Reproduce exactly, and only, the lines of the material below running from the line bearing "Parko g. 7, Tulpės, Panevėžys, 2" through the line bearing "Used 2025 Chevrolet". Leave any pictures out.

▶ _INFORMATION SHOWN_
[Start of section]

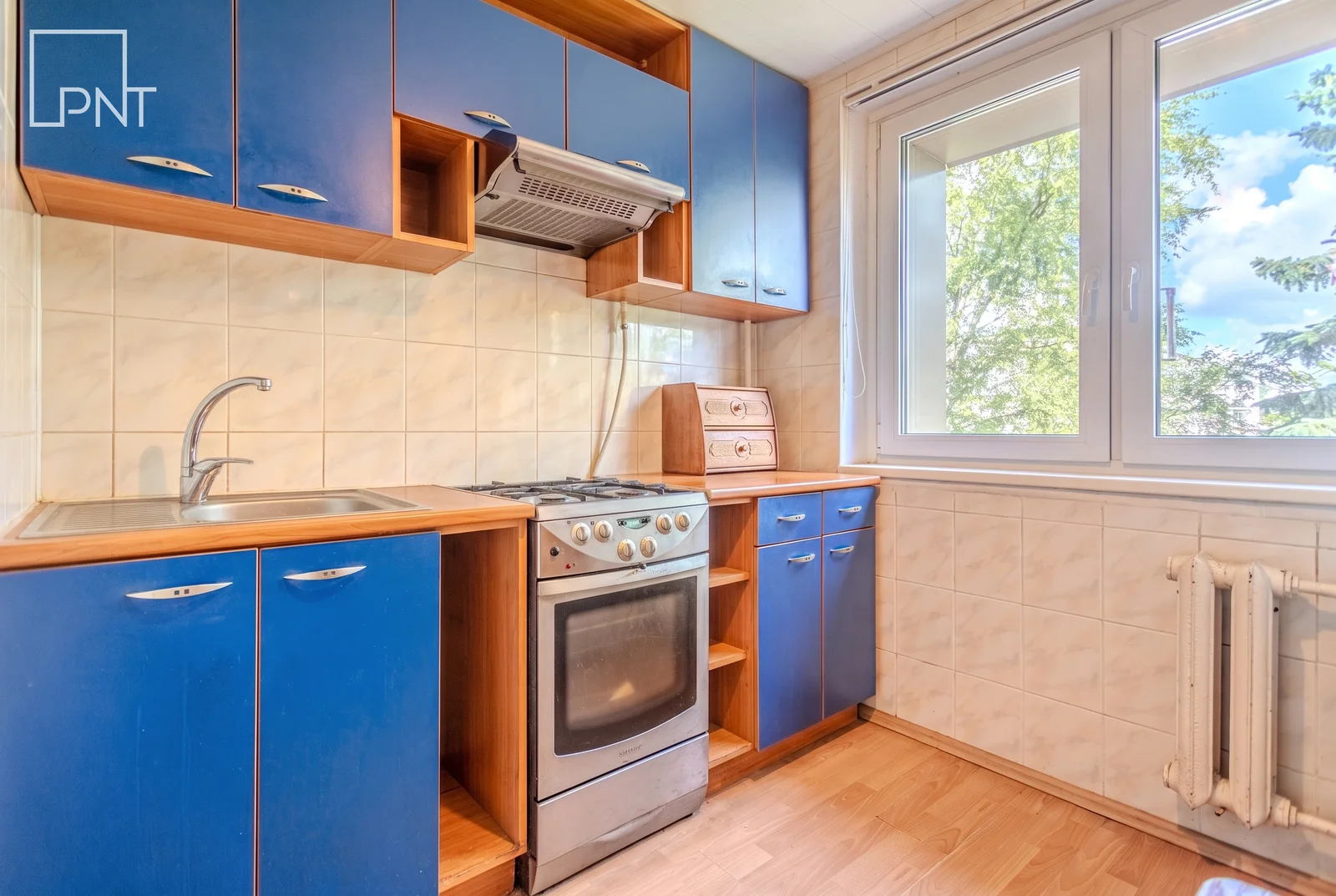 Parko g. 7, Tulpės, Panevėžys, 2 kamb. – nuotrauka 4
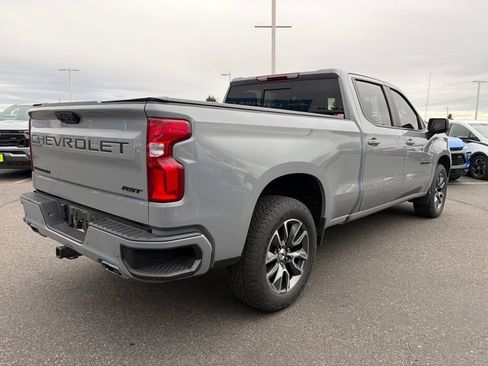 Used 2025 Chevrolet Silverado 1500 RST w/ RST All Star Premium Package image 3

[End of section]
[Start of section]

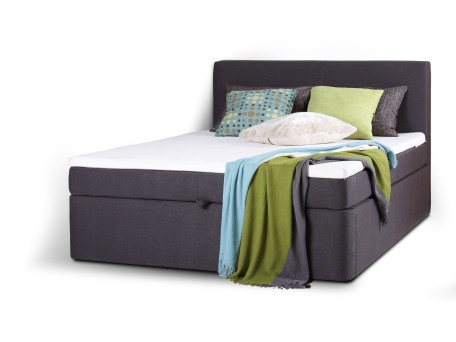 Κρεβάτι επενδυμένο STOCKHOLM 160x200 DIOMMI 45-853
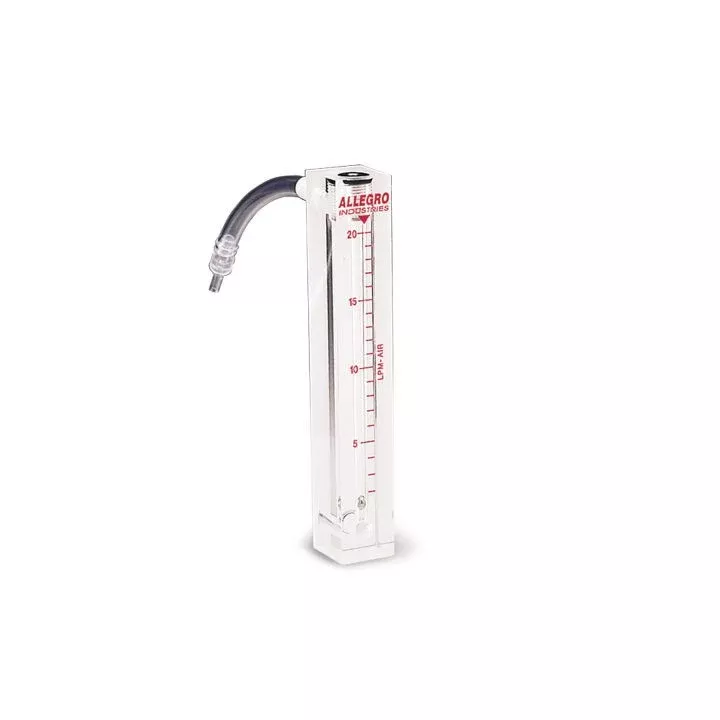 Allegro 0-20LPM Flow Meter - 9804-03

[End of section]
[Start of section]

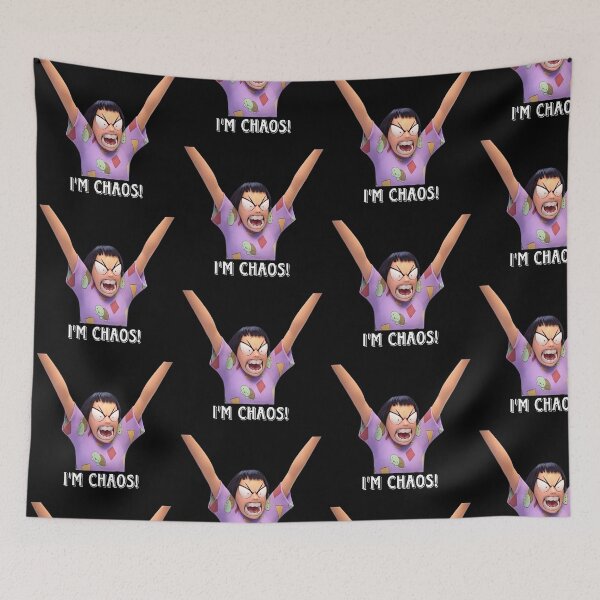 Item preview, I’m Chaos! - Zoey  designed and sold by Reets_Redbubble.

[End of section]

▶ _ANSWER TO THE EXERCISE_
 Parko g. 7, Tulpės, Panevėžys, 2 kamb. – nuotrauka 4
 Used 2025 Chevrolet Silverado 1500 RST w/ RST All Star Premium Package image 3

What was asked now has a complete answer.